* PROVIDED ENTRIES *
________________

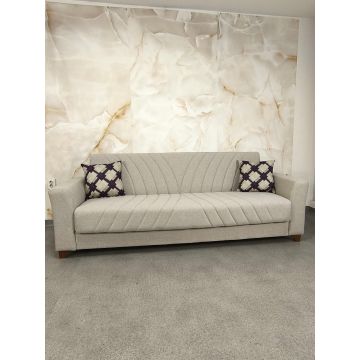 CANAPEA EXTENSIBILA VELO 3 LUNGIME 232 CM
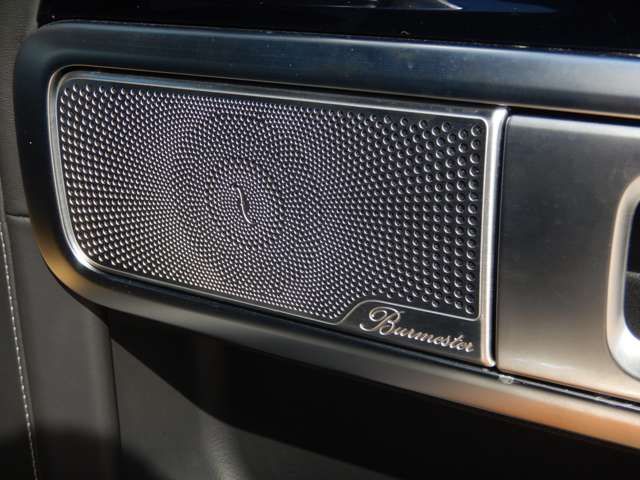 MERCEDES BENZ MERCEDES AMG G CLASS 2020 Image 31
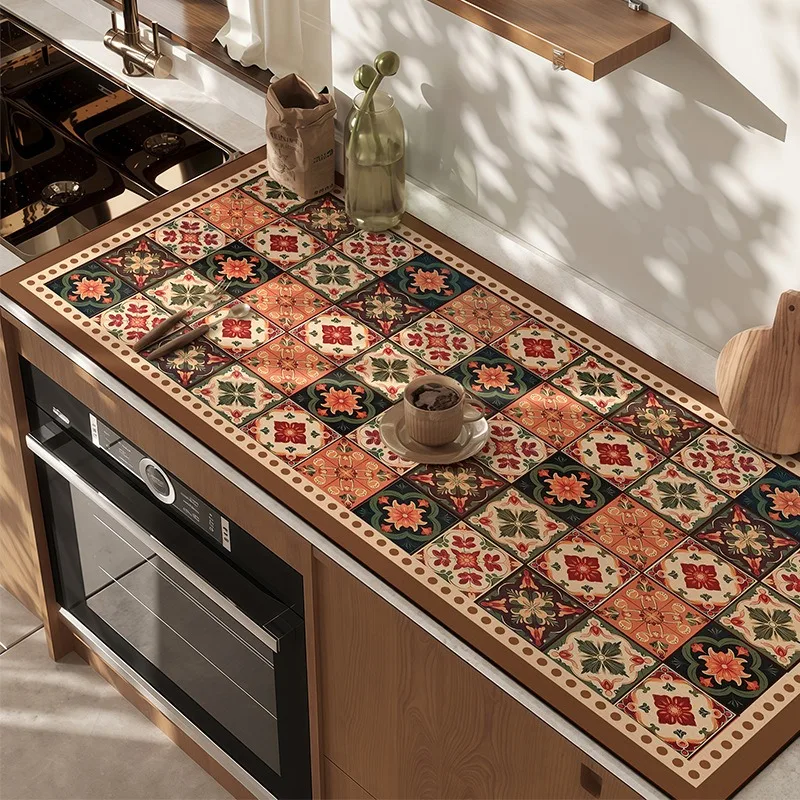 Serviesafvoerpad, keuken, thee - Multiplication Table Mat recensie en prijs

________________

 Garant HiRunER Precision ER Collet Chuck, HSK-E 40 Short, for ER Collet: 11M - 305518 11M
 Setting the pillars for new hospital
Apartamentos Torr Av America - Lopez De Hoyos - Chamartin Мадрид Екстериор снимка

________________

* WHAT YOU ARE ASKED TO DO *
Your answer is the exact run of lines above from the one with "CANAPEA EXTENSIBILA VELO 3 LUNGIME 232 CM" through the one with "Serviesafvoerpad, keuken, thee", both ends included, minus any picture.

* EXERCISE ANSWER *
 CANAPEA EXTENSIBILA VELO 3 LUNGIME 232 CM
 MERCEDES BENZ MERCEDES AMG G CLASS 2020 Image 31
 Serviesafvoerpad, keuken, thee - Multiplication Table Mat recensie en prijs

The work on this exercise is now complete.